That’s fine. I love argument (in the debate sense) regardless of who wins–this stuff here is like being back on debate team.
Let me preface:
I’m going to agglomerate several answers here into a single thing: “Pro-Life Zeriel” believes people are basically honest, but basically stupid, and he believes that people should generally listen to trained professionals. Thus, any time the health/life of the mother exception gets invoked, the criteria is “a licensed medical practitioner is willing to say the mother’s life/health is at serious risk.” I don’t need to care about percentages–that doctor and the mother have their own consciences to live with, and I will not make rules so strict such that the deaths of mothers will be on mine.
Under the axioms, I unfortunately can’t consider that until/unless her life is going to be at actual risk. It’s a damn hard value judgement to make, but you can’t expect easy judgments when one pan of the scale has “a human life” and the other has “a human’s psyche”.
I’m getting the “health” bit from
1a) It is permissible to end the life of a person to save the life of a person.
1b) It is permissible to consider, in situations relating to 1a, the chances of achieving fully sentient personhood of any given person
In other words, the mother would need to be at risk for severe injury or death, but her life is in general allowed to be considered more relevant since her life is at least somewhat instrumental in the fulfillment of the fetus’ potential personhood.
See above: weighing “quality of life” vs. “existence of life” is not easy. I answer by analogy: my grandfather was in WWII. He enlisted as a radarman, but was put into an infantry company after D-Day, and he honestly believes he is going to go to hell because he shot and killed Nazis who were actively trying to kill him–but he still pulled the trigger, because it was the slightly more right decision for him regardless of the cost.

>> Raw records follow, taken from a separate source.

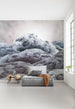 Komar Non Woven Wall Mural Inx6 007 Shadow Mountain Interieur | Yourdecoration.co.uk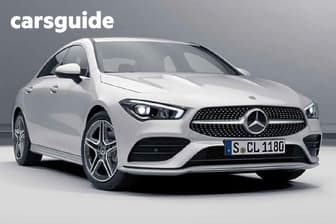 White 2020 Mercedes-Benz CLA200 Coupe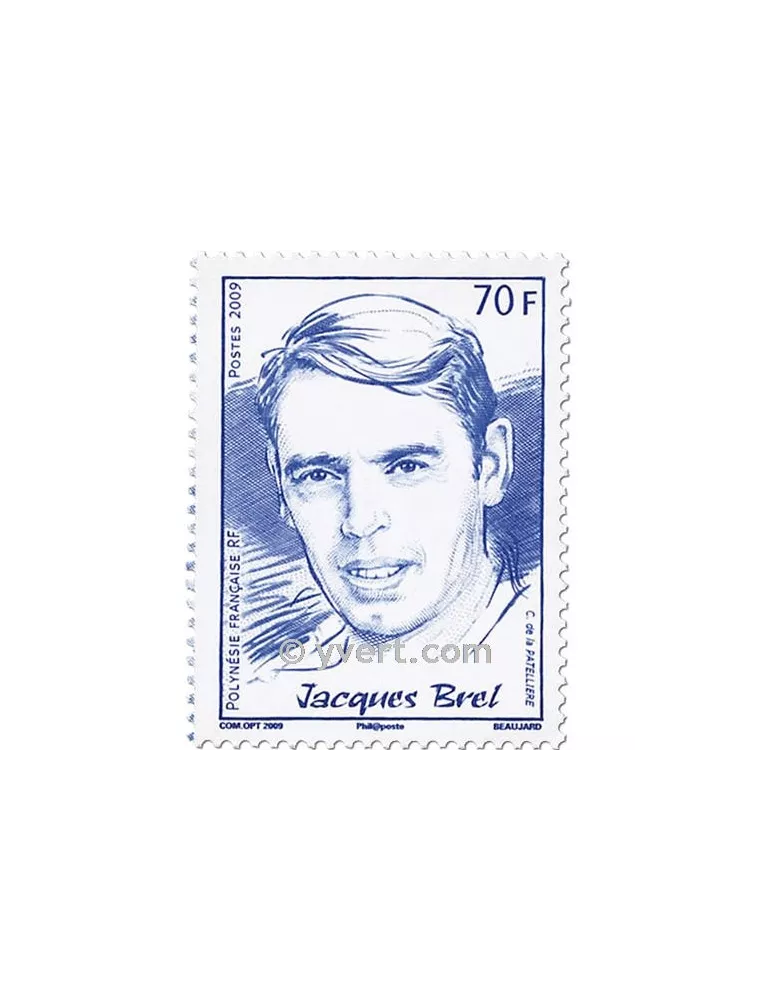 n° 867/868 - Timbre Polynésie Poste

Another hard decision! In the absence of welfare, well, if you life in my dad’s hometown your grocery bills will be significantly lower than you’d expect for the amount of food in your larder, and lobbying will commence, but life is still life.

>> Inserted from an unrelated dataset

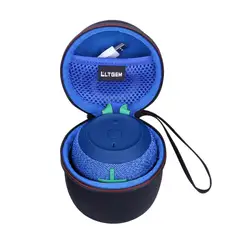 LTGEM-EVA Hard Case para alto-falante Bluetooth, adequado para ouvidos íntimos WONDERBOOM 2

No system is perfect, and that’s the unfortunate reality.
The problem in a lot of these scenarios is that the axioms presented only really allow for life to be considered equal to life. There should be some acknowledgement from any honest and caring pro-lifer that such a philosophy leads to a lot of edge cases with hard choices that lead to more suffering than there would otherwise be in payment for that baby’s life.
I concur.
Eurgh. I’m going to punt for now.
I appreciate that. Granted, I also realized when I mention the course of this thread to my dad again, he’s going to laugh his fool head off at me for busting my ass on this.